Exploring Heritage Through Contemporary Eyes

Discover five specially commissioned artworks by local Malay artists — emerging and established — integrated across our permanent galleries. These works complement our new narrative, Dari Rantau ke Rumah (From Region to Home), and invite you to sit with a central question: What will we choose to inherit, and what will we evolve?

From the wayang kulit tradition to contemporary sonic and visual practices, these commissions treat heritage not as something fixed, but as a living conversation between past, present, and future.

Our Artists

Earthly Echoes 
2026 
Dried clay, sand, plaster, concrete, blue foam, acrylic paint, epoxy resin, ceramic shards (from Istana Kampong Gelam) 
Commissioned by Malay Heritage Centre 
 
NEO_ARTEFACTS reassembles traces of Istana Kampong Gelam’s past, including ceramic shards previously excavated from the grounds, and brings them back to life through the sculptural forms of Earthly Echoes, reminiscent of soil layers beneath the ground. 
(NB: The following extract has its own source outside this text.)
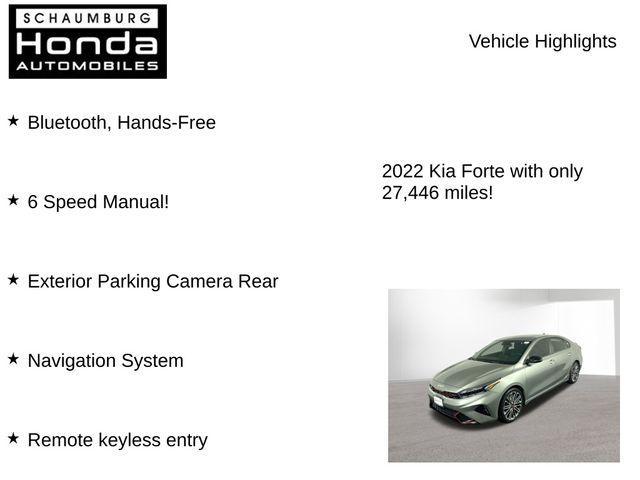used 2022 Kia Forte car, priced at $20,400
How does your artwork relate to what heritage means to you? 
“This work is inspired by the excavations done at Istana Kampong Gelam and the process of soil collecting over time. I hope to encourage visitors to look closely at the objects and consider the narratives they carry in relation to the ongoing impact of cultural interaction on our shared heritage.
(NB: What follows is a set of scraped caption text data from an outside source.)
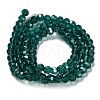 Electroplate Glass Bead Strands EGLA-R015-4mm-13-4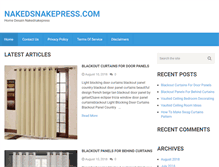 Tablet Screenshot of nakedsnakepress.com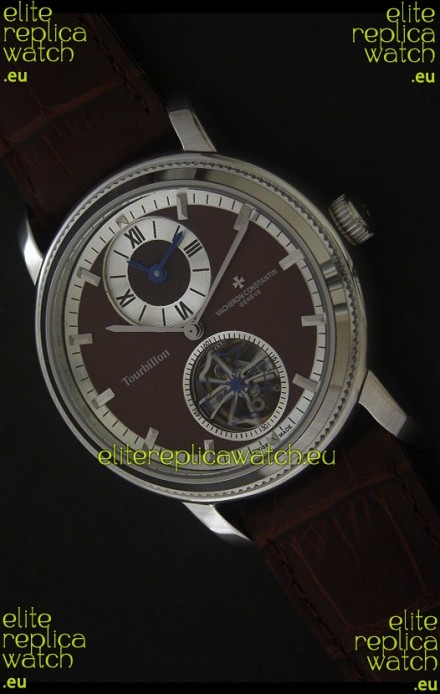 Vacheron Constantin Malte Tourbillon Japanese Watch in Brown Dial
The soil and ceramic shards beneath Istana Kampong Gelam hold layers of history that are easy to overlook. Set alongside modern materials, they become part of a new structure. Even in fragments, the past remains a living part of how we understand where we come from."

About NEO_ARTEFACTS
Initiated by Fazleen Karlan (b.1993, Singapore), NEO_ARTEFACTS is an experimental that looks into the intersection between art and archaeology. Drawing from her past experience as a post-excavation technician, NEO_ARTEFACTS seeks to  reassemble fragments of material from different timeframes, constructing personal and cultural realities. NEO_ARTEFACTS has presented in several group exhibitions in Singapore and was an Artist-in-Residence with NTU Centre for Contemporary Art between April - August 2022.

Our New Home
2026
Mixed media collage (acrylic, batik pieces) puppets, rattan, wire, and mixed media collage on canvas (newspaper, cardboard palette)
Commissioned by Malay Heritage Centre

Renowned batik artist Tumadi Patri takes on the mantle of a Pak Dalang (storyteller puppeteer), transforming this staircase into a stage for a housewarming feast. Join in the festivities in Our New Home alongside beloved characters from the Javanese wayang kulit tradition: Semar, his sons Petruk and Gareng, and nobilities including Arjuna, Srikandi and Raja Antaraja Gagak.

How does your artwork relate to what heritage means to you? 
Wayang kulit (shadow puppetry) is a heritage that today's generation must know as their own. I want to keep this art form alive by bringing them into a new home, where their shadows can continue to tell stories for generations to come.”

About Tumadi Patri
Tumadi Patri (b. 1959, Singapore) boasts an artistic career spanning almost four decades, and has been an active member of the Singaporean collective of Malay artists, Angkatan Pelukis Daya Aneka (APAD), since 1984. He has exhibited widely since then, with solo shows in 2014 and 2017.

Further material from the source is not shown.